Al₂O₃-Zn x% NPs, with x = 0, 1, 3, 5 or 10 mol% Zn²⁺ were synthesized by a modified sol–gel method. The influence of the insertion of Zn²⁺ dopant on the crystal lattice, morphology, optical and cytotoxic properties of Al₂O₃ was investigated. Rietveld refinement applied to DRX data revealed that the oxides are constituted by four crystalline phases: α-Al₂O₃, θ-Al₂O₃, δ-Al₂O₃ and α-Al₂O₃(*), and that the doping promoted changes in unit cell volume for all the crystalline phases.
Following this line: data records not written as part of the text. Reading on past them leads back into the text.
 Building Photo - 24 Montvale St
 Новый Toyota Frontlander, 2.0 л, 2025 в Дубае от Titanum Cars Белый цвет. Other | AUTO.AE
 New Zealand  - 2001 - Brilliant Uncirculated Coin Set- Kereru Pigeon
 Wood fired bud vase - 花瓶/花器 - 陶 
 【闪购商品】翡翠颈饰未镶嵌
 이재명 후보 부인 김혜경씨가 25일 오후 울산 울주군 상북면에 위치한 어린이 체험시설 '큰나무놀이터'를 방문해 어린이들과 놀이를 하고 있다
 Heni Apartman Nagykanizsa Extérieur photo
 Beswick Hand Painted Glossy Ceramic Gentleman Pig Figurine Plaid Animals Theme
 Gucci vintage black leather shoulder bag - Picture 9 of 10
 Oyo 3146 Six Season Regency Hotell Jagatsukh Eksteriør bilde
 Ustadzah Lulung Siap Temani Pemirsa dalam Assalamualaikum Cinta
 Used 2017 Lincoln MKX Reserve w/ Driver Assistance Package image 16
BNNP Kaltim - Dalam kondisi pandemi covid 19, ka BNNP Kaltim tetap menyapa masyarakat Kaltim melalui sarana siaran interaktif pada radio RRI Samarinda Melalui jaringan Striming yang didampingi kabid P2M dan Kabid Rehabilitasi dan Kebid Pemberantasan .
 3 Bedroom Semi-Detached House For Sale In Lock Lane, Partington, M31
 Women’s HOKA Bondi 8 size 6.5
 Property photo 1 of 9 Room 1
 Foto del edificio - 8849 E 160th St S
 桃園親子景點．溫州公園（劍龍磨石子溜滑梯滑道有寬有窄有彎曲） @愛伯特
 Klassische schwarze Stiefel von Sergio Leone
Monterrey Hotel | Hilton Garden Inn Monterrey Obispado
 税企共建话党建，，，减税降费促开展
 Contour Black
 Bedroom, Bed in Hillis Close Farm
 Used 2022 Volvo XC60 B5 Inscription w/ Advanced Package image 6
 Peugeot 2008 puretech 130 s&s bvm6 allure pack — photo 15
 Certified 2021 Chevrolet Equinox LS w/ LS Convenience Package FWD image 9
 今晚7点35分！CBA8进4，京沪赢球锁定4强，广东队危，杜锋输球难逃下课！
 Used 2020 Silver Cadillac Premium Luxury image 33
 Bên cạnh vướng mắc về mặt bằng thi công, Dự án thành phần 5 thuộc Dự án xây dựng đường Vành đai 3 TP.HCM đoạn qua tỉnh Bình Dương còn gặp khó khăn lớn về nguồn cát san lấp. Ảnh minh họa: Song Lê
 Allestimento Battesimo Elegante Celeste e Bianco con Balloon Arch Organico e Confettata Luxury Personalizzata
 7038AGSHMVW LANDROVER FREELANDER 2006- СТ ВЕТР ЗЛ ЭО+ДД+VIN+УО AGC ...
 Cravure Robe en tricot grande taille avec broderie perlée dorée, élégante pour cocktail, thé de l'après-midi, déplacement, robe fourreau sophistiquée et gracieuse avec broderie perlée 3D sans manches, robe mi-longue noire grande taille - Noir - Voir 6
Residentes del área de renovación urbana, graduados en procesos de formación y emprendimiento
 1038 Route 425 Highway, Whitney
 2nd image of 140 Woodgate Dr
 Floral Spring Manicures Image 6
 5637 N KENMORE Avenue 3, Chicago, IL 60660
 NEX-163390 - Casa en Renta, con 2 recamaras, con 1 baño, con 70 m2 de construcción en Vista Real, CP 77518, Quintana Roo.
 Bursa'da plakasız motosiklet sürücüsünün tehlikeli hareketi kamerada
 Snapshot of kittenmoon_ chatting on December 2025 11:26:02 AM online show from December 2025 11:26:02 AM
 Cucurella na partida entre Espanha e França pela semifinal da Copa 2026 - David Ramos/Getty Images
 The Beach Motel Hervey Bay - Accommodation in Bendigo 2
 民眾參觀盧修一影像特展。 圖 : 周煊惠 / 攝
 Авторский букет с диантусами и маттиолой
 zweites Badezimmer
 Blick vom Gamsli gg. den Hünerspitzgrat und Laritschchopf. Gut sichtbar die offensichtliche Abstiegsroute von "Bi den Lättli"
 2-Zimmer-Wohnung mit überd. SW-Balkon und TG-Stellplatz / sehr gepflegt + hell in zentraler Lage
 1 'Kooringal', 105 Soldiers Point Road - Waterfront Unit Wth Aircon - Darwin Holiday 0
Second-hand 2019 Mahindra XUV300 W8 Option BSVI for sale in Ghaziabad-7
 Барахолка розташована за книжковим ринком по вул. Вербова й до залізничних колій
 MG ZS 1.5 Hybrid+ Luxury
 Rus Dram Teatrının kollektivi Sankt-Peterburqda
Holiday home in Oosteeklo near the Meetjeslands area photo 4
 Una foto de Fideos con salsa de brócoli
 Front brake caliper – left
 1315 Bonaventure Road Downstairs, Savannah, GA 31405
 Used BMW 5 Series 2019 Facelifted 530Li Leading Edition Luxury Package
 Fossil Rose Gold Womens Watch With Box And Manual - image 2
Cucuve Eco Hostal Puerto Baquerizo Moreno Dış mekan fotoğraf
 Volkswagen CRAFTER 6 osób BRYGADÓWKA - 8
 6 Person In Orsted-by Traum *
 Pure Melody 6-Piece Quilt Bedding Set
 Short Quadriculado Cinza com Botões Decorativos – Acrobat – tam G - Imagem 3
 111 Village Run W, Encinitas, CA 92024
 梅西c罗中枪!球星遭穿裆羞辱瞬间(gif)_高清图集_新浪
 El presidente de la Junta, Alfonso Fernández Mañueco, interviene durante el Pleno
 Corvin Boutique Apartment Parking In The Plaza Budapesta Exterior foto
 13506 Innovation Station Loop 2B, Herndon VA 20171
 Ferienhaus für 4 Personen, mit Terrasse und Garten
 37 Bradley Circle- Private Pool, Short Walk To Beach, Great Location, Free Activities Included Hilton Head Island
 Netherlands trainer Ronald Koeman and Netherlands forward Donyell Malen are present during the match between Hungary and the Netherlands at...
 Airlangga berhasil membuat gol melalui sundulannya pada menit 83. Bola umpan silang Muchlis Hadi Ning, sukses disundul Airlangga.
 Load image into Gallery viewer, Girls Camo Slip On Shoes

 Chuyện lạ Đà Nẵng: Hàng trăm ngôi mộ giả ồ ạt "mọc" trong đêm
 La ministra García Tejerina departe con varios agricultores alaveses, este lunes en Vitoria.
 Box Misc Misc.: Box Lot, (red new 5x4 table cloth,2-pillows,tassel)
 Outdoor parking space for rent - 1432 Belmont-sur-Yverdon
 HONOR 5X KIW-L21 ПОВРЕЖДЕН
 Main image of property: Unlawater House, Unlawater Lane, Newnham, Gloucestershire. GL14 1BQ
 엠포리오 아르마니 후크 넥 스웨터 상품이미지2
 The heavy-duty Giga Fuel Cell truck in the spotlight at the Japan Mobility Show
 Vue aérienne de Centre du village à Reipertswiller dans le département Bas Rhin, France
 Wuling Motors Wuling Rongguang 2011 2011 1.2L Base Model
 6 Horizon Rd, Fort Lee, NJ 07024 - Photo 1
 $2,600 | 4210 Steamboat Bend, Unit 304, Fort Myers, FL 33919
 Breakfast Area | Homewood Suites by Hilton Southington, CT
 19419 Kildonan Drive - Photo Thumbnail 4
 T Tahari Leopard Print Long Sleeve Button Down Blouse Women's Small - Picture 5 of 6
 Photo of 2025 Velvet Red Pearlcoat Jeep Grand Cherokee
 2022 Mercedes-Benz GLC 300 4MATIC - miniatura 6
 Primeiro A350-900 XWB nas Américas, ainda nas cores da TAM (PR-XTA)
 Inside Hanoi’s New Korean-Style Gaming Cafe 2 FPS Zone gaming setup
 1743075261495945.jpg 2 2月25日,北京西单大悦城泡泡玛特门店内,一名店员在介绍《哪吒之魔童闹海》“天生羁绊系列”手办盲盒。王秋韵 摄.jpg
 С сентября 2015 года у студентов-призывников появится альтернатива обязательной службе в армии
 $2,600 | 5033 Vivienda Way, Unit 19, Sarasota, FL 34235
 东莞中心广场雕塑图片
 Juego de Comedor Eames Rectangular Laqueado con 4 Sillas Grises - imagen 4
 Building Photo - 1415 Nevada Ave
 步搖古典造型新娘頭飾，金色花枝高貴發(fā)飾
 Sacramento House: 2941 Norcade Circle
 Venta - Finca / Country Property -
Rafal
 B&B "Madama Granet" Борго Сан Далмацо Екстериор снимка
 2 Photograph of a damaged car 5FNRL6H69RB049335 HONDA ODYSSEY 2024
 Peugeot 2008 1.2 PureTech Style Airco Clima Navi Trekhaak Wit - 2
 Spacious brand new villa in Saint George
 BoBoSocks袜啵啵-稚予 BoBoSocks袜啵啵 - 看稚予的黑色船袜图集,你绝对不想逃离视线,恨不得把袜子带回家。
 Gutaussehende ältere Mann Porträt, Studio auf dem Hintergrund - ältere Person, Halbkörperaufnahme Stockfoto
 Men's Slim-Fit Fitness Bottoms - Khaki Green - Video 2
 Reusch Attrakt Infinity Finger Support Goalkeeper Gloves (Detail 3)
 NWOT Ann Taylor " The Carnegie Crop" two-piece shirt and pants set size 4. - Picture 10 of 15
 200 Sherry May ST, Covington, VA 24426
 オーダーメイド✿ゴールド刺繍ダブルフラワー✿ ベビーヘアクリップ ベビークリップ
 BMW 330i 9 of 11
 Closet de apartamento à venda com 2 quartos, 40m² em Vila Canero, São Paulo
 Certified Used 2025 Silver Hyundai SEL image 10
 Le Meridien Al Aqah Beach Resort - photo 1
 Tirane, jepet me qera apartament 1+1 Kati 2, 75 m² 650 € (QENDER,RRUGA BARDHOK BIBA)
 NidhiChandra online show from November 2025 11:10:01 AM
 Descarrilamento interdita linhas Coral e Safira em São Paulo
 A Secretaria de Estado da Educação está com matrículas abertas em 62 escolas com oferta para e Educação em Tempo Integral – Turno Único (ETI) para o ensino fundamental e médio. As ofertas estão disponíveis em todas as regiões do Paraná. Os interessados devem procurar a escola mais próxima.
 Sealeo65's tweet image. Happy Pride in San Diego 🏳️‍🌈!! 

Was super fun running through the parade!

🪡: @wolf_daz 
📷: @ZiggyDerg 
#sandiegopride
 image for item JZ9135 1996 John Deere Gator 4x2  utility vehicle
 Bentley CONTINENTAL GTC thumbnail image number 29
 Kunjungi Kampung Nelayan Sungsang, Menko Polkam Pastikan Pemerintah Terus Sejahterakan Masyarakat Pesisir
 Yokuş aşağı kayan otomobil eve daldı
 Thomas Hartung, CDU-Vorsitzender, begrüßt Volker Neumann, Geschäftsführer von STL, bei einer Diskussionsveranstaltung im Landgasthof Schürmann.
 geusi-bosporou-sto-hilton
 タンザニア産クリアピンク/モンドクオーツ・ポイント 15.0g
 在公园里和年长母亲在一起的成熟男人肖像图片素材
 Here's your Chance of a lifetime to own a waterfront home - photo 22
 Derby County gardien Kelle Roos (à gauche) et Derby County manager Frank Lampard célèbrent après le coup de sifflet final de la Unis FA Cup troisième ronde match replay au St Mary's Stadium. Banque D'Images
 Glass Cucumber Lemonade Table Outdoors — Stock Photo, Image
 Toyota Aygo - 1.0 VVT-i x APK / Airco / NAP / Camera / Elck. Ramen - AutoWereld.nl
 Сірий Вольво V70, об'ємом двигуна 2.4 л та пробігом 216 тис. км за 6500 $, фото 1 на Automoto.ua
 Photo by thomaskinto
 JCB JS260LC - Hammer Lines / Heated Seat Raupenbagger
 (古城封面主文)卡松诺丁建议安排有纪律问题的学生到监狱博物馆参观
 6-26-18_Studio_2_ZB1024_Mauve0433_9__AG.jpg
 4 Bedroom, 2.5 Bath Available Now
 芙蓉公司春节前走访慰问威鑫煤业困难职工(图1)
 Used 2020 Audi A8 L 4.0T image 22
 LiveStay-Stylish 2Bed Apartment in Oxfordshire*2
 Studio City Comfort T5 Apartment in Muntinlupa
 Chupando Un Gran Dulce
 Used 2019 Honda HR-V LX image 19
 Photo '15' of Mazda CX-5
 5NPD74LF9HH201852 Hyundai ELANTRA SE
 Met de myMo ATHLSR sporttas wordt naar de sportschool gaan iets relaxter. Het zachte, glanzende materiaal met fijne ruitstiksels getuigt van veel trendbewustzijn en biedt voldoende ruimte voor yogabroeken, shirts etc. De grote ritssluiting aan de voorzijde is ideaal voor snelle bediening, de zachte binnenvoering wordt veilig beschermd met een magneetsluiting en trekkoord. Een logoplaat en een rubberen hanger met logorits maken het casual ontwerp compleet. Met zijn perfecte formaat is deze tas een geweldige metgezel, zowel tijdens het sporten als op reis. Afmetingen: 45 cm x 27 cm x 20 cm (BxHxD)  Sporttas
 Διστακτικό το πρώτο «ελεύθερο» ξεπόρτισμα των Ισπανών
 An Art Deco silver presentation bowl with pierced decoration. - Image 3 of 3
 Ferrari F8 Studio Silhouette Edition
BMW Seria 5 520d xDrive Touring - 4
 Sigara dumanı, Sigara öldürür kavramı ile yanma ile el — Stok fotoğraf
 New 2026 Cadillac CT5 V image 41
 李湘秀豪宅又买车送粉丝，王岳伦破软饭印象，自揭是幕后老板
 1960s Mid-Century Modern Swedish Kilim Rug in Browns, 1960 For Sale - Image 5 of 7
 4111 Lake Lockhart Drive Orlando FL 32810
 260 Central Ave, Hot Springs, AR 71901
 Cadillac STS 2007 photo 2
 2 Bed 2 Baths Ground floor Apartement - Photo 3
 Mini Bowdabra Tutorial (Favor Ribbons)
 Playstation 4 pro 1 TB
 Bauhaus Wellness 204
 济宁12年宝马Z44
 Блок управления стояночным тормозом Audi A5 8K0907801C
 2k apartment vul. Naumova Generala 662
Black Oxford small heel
Raman signals indicated that the insertion of Zn²⁺ caused changes in the vibrations of bonds Al–O, mainly in tetrahedral sites of transition phases of Al₂O₃, which are preferentially occupied by Zn ions. The oxides exhibited photoluminescence emission in the visible and near-infrared region, but Al₂O₃-Zn 10% showed increased emission intensity in the visible region. The nanoparticles with spherical and elongated morphologies did not exhibit cytotoxic effects on L929 fibroblast cells.

Graphic abstract

Zn-doped Al₂O₃ nanoparticles were synthesized by a modified sol-gel method. The influence of the insertion of Zn²⁺ dopant on the crystal lattice, morphology, optical and cytotoxic properties of Al₂O₃ was investigated.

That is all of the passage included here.